Problem requirements =
In the data below, the answer is the run of lines from the line containing "美国集运货柜价格表图片(美国集装箱车图片大全)" through the line containing "Blue sky, foehn", both included; print it exactly and nothing else.

(Stored items from a collection)
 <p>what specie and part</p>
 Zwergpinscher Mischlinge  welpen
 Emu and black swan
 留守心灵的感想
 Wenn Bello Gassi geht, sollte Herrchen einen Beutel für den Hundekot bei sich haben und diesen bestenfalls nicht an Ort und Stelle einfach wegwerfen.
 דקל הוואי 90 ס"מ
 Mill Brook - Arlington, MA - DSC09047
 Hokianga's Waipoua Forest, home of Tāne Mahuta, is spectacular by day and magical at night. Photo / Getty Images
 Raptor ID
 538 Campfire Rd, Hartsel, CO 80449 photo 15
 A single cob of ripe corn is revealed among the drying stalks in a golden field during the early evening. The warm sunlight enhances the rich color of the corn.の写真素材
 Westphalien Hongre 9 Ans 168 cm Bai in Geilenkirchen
---
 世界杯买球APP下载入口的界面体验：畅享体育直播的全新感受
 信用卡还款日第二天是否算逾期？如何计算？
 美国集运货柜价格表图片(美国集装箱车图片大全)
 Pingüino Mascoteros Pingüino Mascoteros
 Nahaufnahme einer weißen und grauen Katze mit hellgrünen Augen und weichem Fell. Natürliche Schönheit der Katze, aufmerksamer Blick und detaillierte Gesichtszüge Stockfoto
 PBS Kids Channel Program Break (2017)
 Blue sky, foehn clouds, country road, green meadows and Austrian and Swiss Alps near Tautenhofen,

Result below =
 美国集运货柜价格表图片(美国集装箱车图片大全)
 Pingüino Mascoteros Pingüino Mascoteros
 Nahaufnahme einer weißen und grauen Katze mit hellgrünen Augen und weichem Fell. Natürliche Schönheit der Katze, aufmerksamer Blick und detaillierte Gesichtszüge Stockfoto
 PBS Kids Channel Program Break (2017)
 Blue sky, foehn clouds, country road, green meadows and Austrian and Swiss Alps near Tautenhofen,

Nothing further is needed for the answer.